# Exercise details:
Line by line, transcribe the data below exactly and pass over the images.

# Dataset extract:
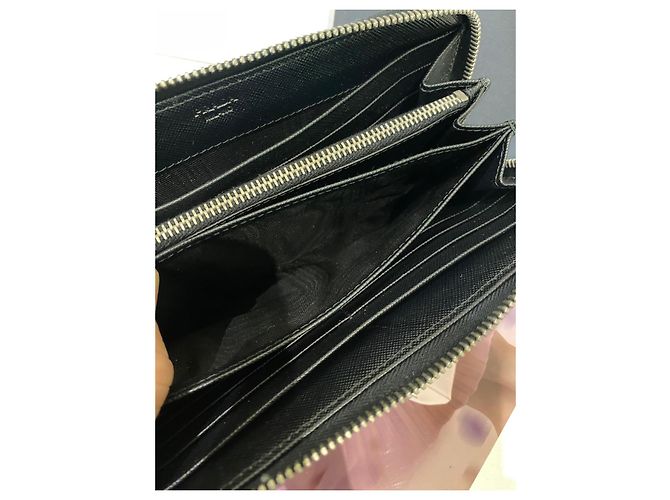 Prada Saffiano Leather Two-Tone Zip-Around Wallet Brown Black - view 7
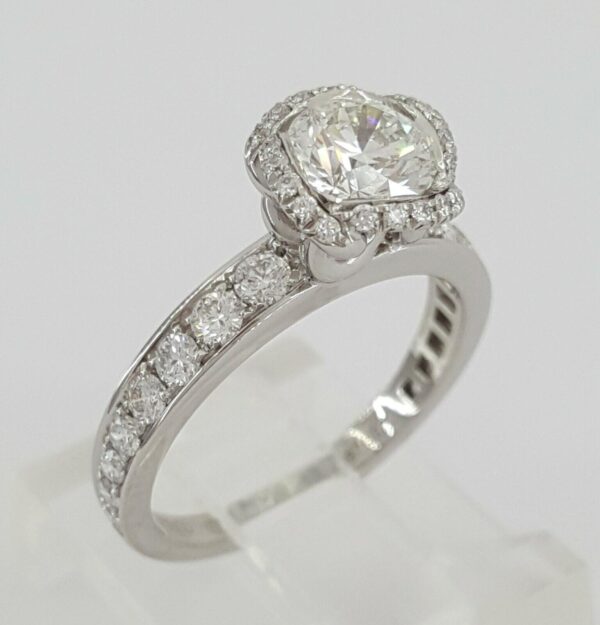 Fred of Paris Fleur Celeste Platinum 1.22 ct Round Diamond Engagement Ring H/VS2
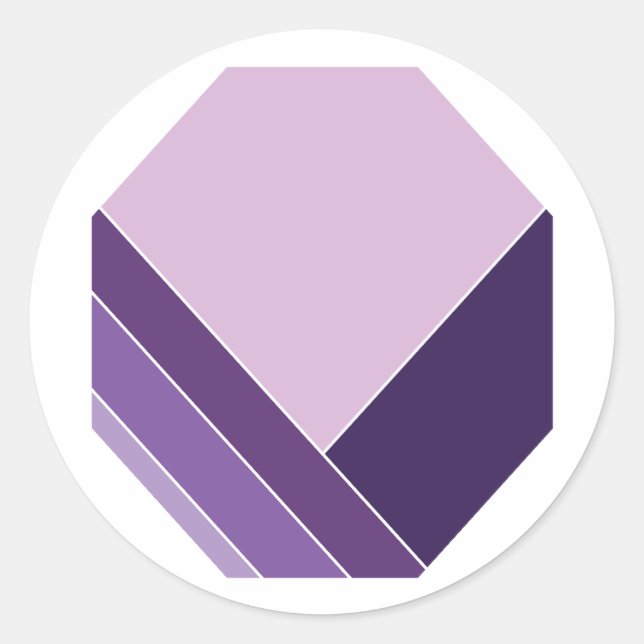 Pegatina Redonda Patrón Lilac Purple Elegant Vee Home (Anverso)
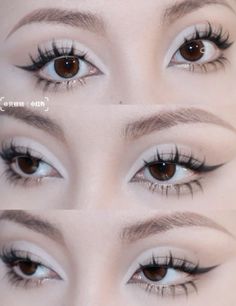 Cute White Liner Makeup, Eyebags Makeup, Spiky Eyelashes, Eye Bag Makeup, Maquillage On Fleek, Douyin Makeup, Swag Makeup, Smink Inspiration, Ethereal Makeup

# Output for this exercise:
 Prada Saffiano Leather Two-Tone Zip-Around Wallet Brown Black - view 7
 Fred of Paris Fleur Celeste Platinum 1.22 ct Round Diamond Engagement Ring H/VS2
 Pegatina Redonda Patrón Lilac Purple Elegant Vee Home (Anverso)
 Cute White Liner Makeup, Eyebags Makeup, Spiky Eyelashes, Eye Bag Makeup, Maquillage On Fleek, Douyin Makeup, Swag Makeup, Smink Inspiration, Ethereal Makeup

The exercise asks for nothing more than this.